If 'source code' includes tests, then absolutely. If you have automated acceptance tests (good ones) then they tell you what the solution does and why it does it - and they never go out of date.
And the same for lower level unit tests - you don't need to see a design *if* the tests are good & expressive.
In some cases, however, it may be the case that a high level design document is produced.
This can be useful as it tends to flush out elements of a technical design, that require further definition, or those that simply won't work.
I certainly wouldn't be expecting to produce this after development is complete.
Business user and business analyst engage to try and determine requirements, from which emerges a badly written BRD, with virtually none of the pre-requisite detail.
Business analyst and technical analyst engage to discuss requirement, from which emerges a, poor quality, functional-spec, due to the lack of definition of the business requirement.
BA tries to translate gobbledygook to English for the end user, with as much smoke and mirrors, as possible, purely to get the thing signed off.
Solution picked, usually by who holds the strongest political will, in the organisation, at that time, or which software company provides the best lunches.
Technical analyst, systems architect and developers engage to try and thrash out, some kind of, design document and/or tech spec.
Development handed over to, untrained, off shore team, chosen by whatever offshore provider was the cheapest, on that day.
Solution gets delivered two years late, with 80% of the functionality missing, by which time, the competitive advantage is lost, or, the business user has either lost interest, or have left the business.
Generally what someone thinks they want and what they actually need are quite different. It is much easier to understand when you have something in front of you to complain about, so there is a lot to be said for "just deliver something".

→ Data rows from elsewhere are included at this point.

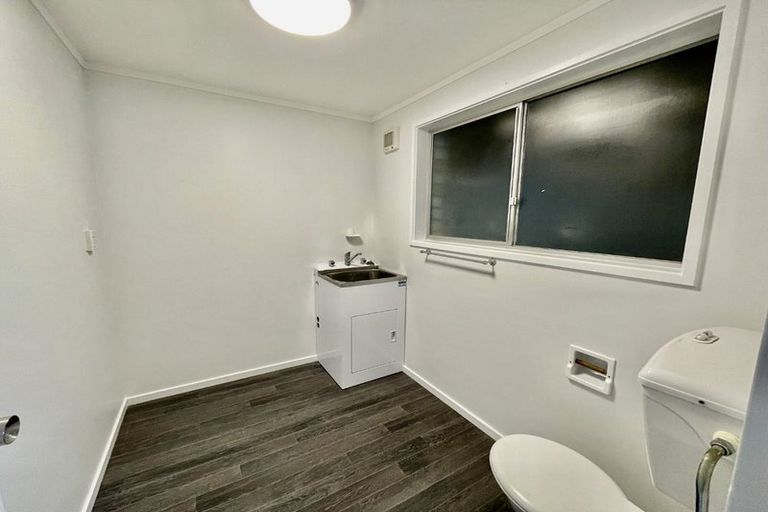 Photo of property in 1/7 Rangitane Street, Maupuia, Wellington, 6022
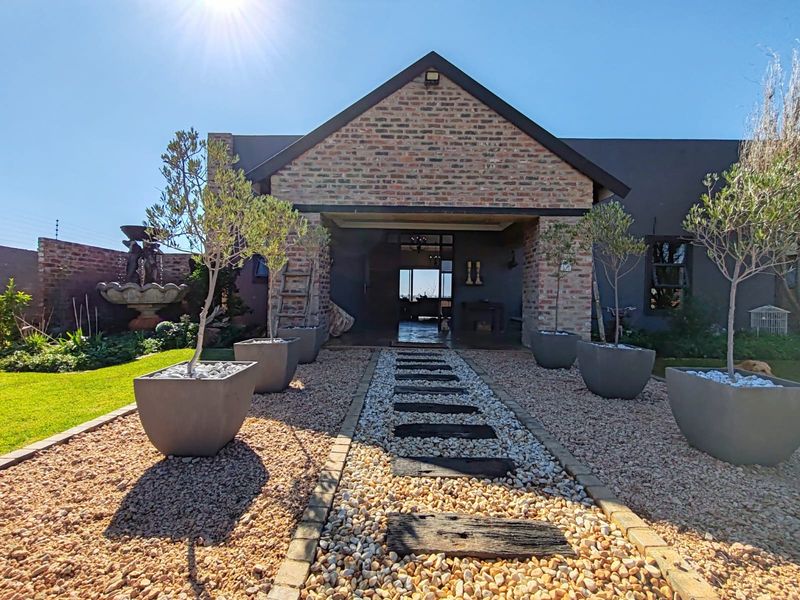 Beautiful Family Home in Ailanto Country Estate! - Photo 2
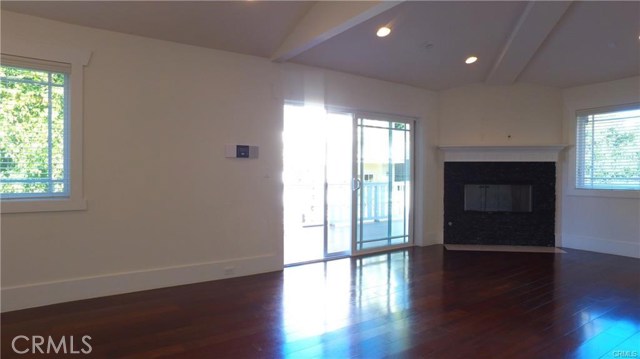 Detail Gallery Image 33 of 75 For 804 N Irena Ave #B,  Redondo Beach,  CA 90277 - 3 Beds | 2/1 Baths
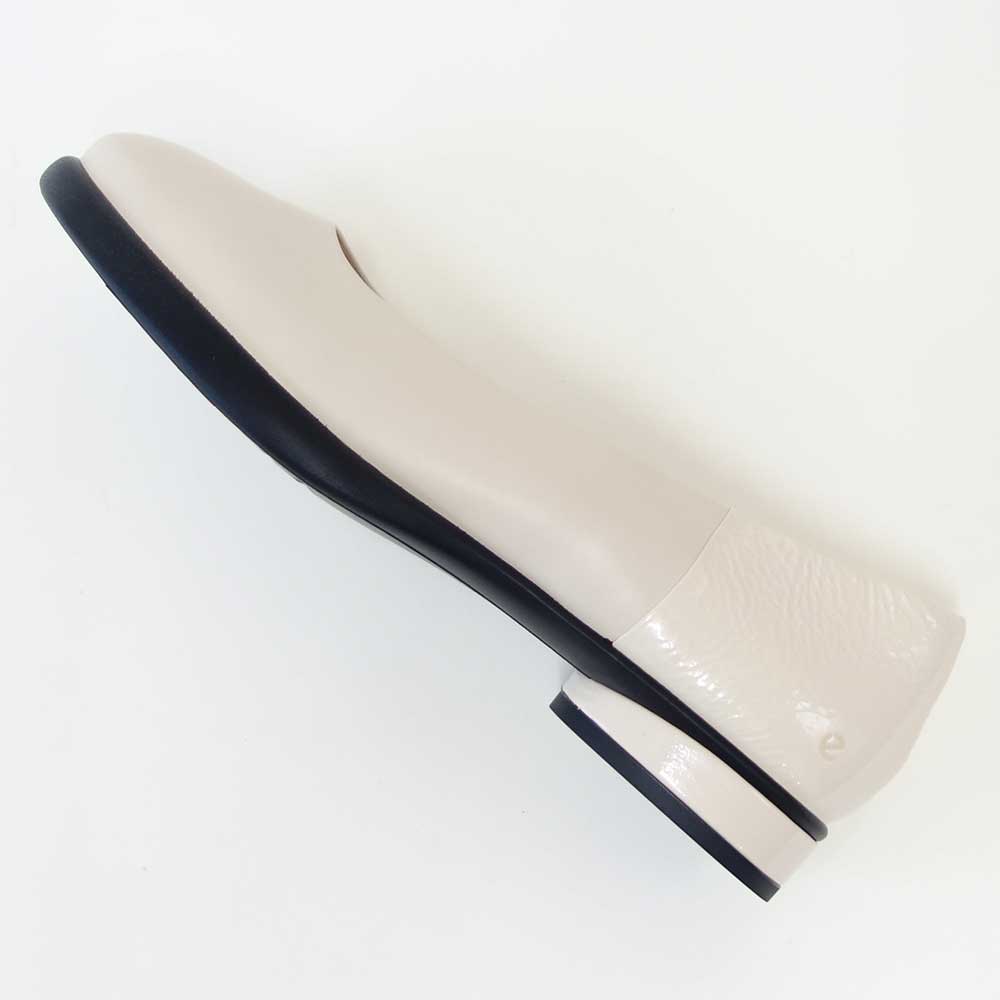 エコーECCOSCULPTEDLXアイボリー(LIMESTONE)22230301378(レディース)快適な履き心地のパンプススリッポンカッターシューズ「靴」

You forgot the bit where the solution had been determined by the CEO on the golf course and the rest of the organisation are left to make it so.
I thought this covered it, apologies, if not :-
Solution picked, usually by who holds the strongest political will, in the organisation, at that time, or which software company provides the best lunches.
In some cases, however, it may be the case that a high level design document is produced.
This can be useful as it tends to flush out elements of a technical design, that require further definition, or those that simply won't work.
I certainly wouldn't be expecting to produce this after development is complete.
Sure. But the question is (and I can think of situations where it is worthwhile for large systems) do you want to keep them for posterity (and therefore keep them up-to-date throughout).
Sure. But the question is (and I can think of situations where it is worthwhile for large systems) do you want to keep them for posterity (and therefore keep them up-to-date throughout).
Hmmmm, difficult one.
I have usually used them to prove the architectural concept.
Important in what I do, as I work with enterprise level stuff that all has to talk to each other.